Disclaimer: I am not going to go extremely in-depth regarding Windows' memory manager (as that would take forever and a half/my knowledge is solely my knowledge), and if you are interested in that, Mark Russinovich has done a brilliant article over at TechNet, as well as many others all across the web if you do some digging (or check the reference links below). I am merely laying the groundwork for the understanding and explanation of page faults and nothing more.

If you ask me personally, Windows' memory manager (and memory management in general throughout the operating system) is one of the most complicated and in-depth parts of Windows internals. It's daunting yet extremely fascinating at the same time, as one extremely in-depth piece leads to another. It seems endless, and I highly recommend spending time reading into the memory management specifics throughout Windows, as it's truly fascinating.

Physical Memory

Physical memory is by far one of the most important resources, and one we must absolutely understand. Among many things, the memory manager within Windows is responsible for the data of all current active processes, drivers, and the operating system. Even today as of this blog post, the operating system itself accesses more code/data than can actually fit in physical memory. With this said, as said by the brilliant Mark Russinovich, think of physical memory as a window into the code/data used over time.

Now that this is known, we can understand that the amount of physical memory present on the system affects performance greatly, because if the data/code needed for a process or the operating system itself is not directly available in physical memory, it must be brought in (paged-in) from the disk which is quite the performance hit.
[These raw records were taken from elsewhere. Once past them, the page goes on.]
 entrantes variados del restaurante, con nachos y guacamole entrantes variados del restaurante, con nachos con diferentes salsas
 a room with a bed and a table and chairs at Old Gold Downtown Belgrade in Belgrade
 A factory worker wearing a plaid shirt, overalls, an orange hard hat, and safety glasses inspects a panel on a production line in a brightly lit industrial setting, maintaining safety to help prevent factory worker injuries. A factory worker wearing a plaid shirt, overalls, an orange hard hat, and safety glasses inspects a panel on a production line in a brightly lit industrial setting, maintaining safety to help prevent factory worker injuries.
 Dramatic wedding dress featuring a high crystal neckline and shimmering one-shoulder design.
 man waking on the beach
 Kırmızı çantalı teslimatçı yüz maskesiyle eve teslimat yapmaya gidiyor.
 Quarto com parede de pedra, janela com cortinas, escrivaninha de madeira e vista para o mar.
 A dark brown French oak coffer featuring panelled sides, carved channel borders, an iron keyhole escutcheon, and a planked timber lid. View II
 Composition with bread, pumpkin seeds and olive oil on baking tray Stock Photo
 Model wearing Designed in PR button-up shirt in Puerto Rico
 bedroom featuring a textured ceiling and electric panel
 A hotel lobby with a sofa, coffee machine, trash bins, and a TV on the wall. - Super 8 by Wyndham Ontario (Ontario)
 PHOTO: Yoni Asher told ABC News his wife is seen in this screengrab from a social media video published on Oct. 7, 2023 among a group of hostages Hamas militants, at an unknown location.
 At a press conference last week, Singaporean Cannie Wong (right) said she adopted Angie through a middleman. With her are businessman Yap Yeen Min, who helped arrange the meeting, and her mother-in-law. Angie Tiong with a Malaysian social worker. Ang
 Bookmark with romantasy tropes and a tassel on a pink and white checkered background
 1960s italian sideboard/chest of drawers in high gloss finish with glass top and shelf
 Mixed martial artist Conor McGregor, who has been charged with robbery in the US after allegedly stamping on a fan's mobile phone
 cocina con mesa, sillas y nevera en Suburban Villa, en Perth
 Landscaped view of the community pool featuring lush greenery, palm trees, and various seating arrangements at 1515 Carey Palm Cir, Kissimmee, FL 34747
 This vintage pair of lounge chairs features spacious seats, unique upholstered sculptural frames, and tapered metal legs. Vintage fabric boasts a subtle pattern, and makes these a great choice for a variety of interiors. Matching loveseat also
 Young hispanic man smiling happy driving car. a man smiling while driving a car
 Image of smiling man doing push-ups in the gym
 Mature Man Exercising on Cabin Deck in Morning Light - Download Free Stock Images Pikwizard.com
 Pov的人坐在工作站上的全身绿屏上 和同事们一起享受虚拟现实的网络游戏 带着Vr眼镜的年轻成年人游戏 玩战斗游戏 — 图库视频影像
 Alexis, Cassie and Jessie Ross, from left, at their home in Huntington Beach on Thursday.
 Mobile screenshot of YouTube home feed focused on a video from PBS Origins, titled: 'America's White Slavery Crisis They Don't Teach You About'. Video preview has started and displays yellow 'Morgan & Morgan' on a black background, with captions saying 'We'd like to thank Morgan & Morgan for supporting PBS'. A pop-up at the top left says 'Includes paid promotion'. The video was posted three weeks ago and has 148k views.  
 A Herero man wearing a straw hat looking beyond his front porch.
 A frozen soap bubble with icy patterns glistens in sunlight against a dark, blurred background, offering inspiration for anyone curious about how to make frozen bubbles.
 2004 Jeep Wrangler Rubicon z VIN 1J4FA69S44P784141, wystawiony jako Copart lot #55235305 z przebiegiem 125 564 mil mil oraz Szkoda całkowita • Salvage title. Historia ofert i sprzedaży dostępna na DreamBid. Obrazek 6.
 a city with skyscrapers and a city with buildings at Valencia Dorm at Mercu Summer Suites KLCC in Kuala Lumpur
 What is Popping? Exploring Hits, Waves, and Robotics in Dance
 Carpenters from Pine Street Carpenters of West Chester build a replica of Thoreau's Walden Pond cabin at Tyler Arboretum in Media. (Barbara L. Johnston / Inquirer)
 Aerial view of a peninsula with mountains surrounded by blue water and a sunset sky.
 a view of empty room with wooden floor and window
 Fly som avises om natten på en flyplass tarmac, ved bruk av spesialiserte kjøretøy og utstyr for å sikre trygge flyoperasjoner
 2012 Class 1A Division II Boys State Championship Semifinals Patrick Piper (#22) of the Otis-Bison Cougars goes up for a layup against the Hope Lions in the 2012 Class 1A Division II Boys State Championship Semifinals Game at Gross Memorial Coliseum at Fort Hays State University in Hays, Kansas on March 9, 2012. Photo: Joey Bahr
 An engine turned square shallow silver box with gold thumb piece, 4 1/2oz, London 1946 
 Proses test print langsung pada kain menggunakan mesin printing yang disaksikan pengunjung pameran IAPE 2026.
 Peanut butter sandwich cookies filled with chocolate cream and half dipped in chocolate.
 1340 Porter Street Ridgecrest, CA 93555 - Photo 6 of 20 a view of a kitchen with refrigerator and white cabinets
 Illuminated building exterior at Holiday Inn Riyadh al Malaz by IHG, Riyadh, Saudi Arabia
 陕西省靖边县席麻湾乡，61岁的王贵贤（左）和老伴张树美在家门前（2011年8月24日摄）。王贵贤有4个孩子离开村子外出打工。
One of the reasons it's very important to understand physical memory before virtual memory (or in general) is because physical memory contributes to the virtual memory system limit, which interestingly enough is roughly the size of physical memory plus any page files configured on the operating system.

We can view the layout of physical memory with Meminfo (download here). Do note that you'll need to execute the program through an elevated command prompt manually. You can see the path I chose in the screenshot below, as well as the layout itself.


If you use meminfo.exe it will display the different parameters you can use. In our case, if we use meminfo.exe -r it will run Meminfo and display the valid physical memory ranges that are detected.

If you're interested in going further regarding physical memory consumption device-wise, you can use Device Manager to check what addresses devices are occupying. The image below is a simple snippet of my personal system's memory consumption as an example.


We can also take a look at the physical memory limits of Windows 7 and 8 as an example.







As we can see, the actual physical memory limits themselves on the client operating systems drastically increase regarding its x64 architecture, yet remain the same with x86. x86's physical limit has remained 4 GB since Windows XP as far as its client operating systems go. This is simply due to the fact that on x86 systems, the processor's address bus which is 32 lines (and/or 32 bits) can only access addresses ranges 0x00000000 to 0xFFFFFFFF (totaling 4 GB).

--------------------

Virtual Memory

Now that we understand some of the fundamentals behind physical memory, we can go ahead and discuss virtual memory. Do you have your cup of coffee? Good, you're going to need it. It's very important to first understand that virtual memory is a completely different entity than physical memory, although they both work together hand-in-hand.

An extremely important thing to note at this point is a process does not equal (=/=) and/or mean the same thing as a program, and the same follows regarding a thread. For example, when and if you hear a user say "My Firefox (32 bit) process is running according to Task Manger", that's actually not correct. Processes do not run, threads run. Processes are solely a set of resources used to execute a program, and consist of a private virtual address space (where memory is allocated), an executable used to start the application (.exe), a table of handles to various kernel objects, a security context (otherwise known as access token), and one (or possibly more) threads that execute the code.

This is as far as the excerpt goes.